Less than a week before their show at KIP Studios in Logan Square, the location was hit with a cease and desist.

“We were left without a venue four days out from a sold-out, small room show with people flying in,” Stacey said. “We got the cease-and-desist on a Monday, we found [Bookclub] on a Tuesday, toured it on a Wednesday, got up in there and cleaned all the cakes of dirt and dust out a Thursday, had a show on a Friday.”

After accepting a rental agreement for the space, they initially had a slow start finding shows to book, until they announced that they were open to people from the city’s DIY scene. 

“When we started Bookclub, it was like we lit a beacon for those artists and they started coming,” TYGKO said. “They had ideas for shows, had ideas for release parties they wanted to do, all sorts of events that we were able to house.”
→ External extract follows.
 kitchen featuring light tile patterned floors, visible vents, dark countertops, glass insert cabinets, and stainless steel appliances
In the almost three years since that scramble to open, Bookclub has hosted artists of varied genres — punk, hip hop, rock, electronic — as well as comedy shows and other live events. Acts have come in from the U.K., Paris and Germany. Artists have ranged in popularity: Fraxiom, who played the venue’s very first show, is a hyperpop artist with more than 30 million streams on Spotify, while a random weeknight bill might include bands from local universities.

“The two biggest groups, I would say, are the Columbia and SAIC art school kids, and then DePaul has its own DIY rock scene that loves us as well,” Stacey said. “It’s those kids who have these very specific ideas for lineups, just for their scene … they know that we’ll take care of them in such a way that they can feel comfortable taking a risk on their show.”
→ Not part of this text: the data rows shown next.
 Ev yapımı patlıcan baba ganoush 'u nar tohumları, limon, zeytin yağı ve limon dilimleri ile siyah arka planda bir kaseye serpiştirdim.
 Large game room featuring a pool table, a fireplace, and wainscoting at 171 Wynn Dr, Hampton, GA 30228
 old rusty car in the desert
Bickle, an Atlanta-based musician with more than 25 million listens on Spotify, made the trek to Bookclub in 2023 to play a show with his friends. TYGKO picked them up from the airport and took them for ice cream before the gig. 

“It’s a small venue that wasn’t limited by that in how big the show felt,” Bickle said. “I’ve never been in such a small venue that had a sound that large … Definitely, people should know about it. It’s great.”

Despite all of Bookclub’s success – or, in fact, because of it – Stacey and TYGKO have been looking to upgrade to a place that can accommodate more of a crowd. 

“We want to be able to offer a bigger room and be more flexible with our programming, so we can go later into the night and even earlier into the day on weekends. We can’t do that with our current space,” Stacey said.

“I’m not selling out, I’m trying to keep this going. I’m taking this above board because I started this on accident, and now it’s bigger than me.”